Vogliamo essere lo strumento attraverso cui queste comunità possano esercitare il proprio diritto a resistere, che deve partire dal loro modo di pensare e dalle loro soluzioni, non dalle nostre. Spesso queste persone non conoscono nel dettaglio il significato del concetto di crisi climatica, ma ciò non significa che non sappiano avvertirne gli effetti o provare a elaborare delle soluzioni in merito. è per questo che ascoltare occuperà la maggior parte del tempo durante il nostro viaggio, perché solo così possiamo cercare di creare un ponte tra il nostro e il loro mondo, che deve prendersi cura dello stesso, grande, ecosistema.
Il cuore del vostro viaggio può riassumersi in due parole: fare rete.
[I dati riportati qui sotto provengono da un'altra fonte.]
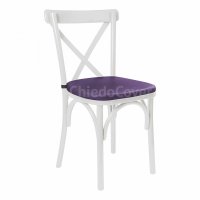 Crossback Chair Cushion, Purple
SS: Per noi il concetto di “fare rete” può essere spiegato in due modi che mettono in comunicazione la realtà da cui proveniamo con quella che andremo a vivere. Vogliamo innanzitutto far scoprire a tutte le persone che ci accoglieranno che non sono sole, nonostante molte di queste siano isolate, spesso anche socialmente, perché indigene. Il nostro itinerario può diventare per loro un’occasione di incontro, anche fisico, mentre spostiamo il loro compagnia tra due paesi, dove ognuno scopre dell’esistenza dell’altro.
Diritto a REsistere ha poi anche un altro intento, e cioè quello di testimoniare realtà che possano fornire un antidoto al senso di impotenza e frustrazione che si avverte nelle nostre società. Mostrare le lotte di persone semplici ma con una grande forza d’animo, che nel pararsi di fronte una ruspa sfidano in realtà un intero sistema economico, dovrebbe darci la forza di fare lo stesso. Non intendiamo idealizzare queste comunità, riconosciamo che sono piccole e che commettono degli errori, ma continuano a lottare in tante, tantissime. è per questo che fare rete è cruciale tanto per noi quanto per loro, perché tutti siamo chiamati a difendere lo stesso Pianeta.
Oltre alla copertura di LifeGate, il progetto Diritto a REsistere produrrà servizi e collegamenti in diretta per Radio3scienza – Radio3 e Geo – Rai 3. Tutte le informazioni sul progetto saranno disponibili su un sito dedicato, accessibile a partire da venerdì 29 settembre.